▸ **STORED DATA**
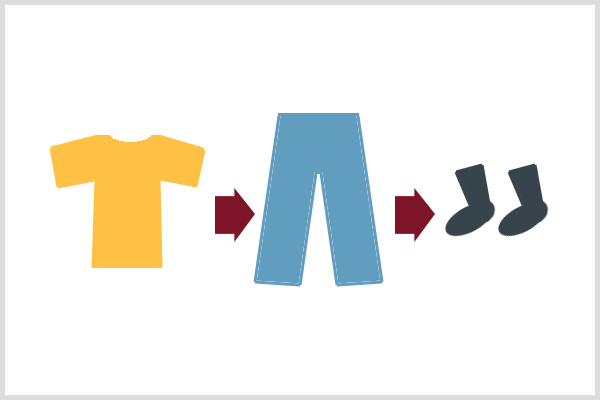 Analiza predictivă se bazează pe comportamente umane previzibile, cum ar fi să îți pui pantalonii de tricou și șosetele într-o secvență.
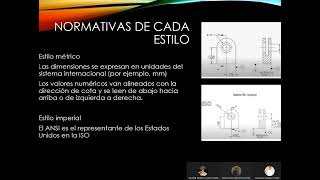 LOS ESTILOS DE ACOTADO METRICO VS IMPERIAL📏📐 [upl. by Otxilac]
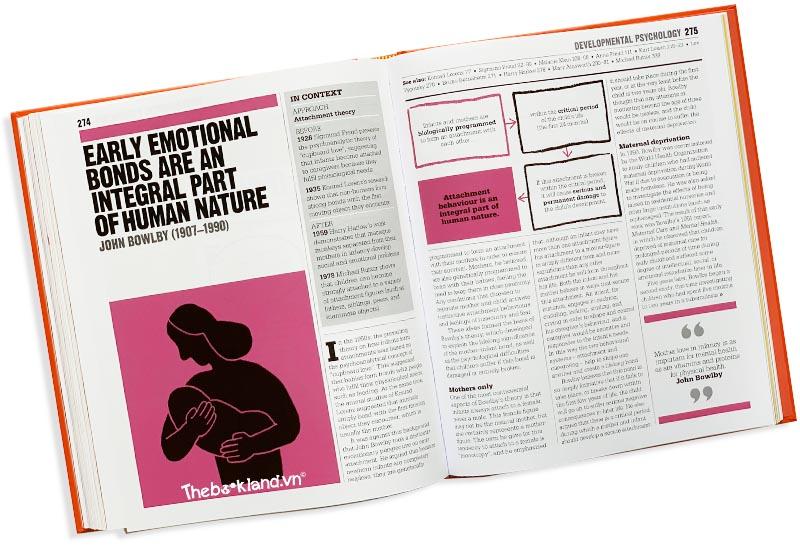 the psychology book (big ideas) - Ảnh 4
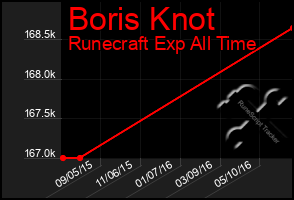 Total Graph of Boris Knot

▸ **EXERCISE REQUIREMENTS**
Return the listing verbatim; pictures are not part of the copy.

▸ **REPLY**
 Analiza predictivă se bazează pe comportamente umane previzibile, cum ar fi să îți pui pantalonii de tricou și șosetele într-o secvență.
 LOS ESTILOS DE ACOTADO METRICO VS IMPERIAL📏📐 [upl. by Otxilac]
 the psychology book (big ideas) - Ảnh 4
 Total Graph of Boris Knot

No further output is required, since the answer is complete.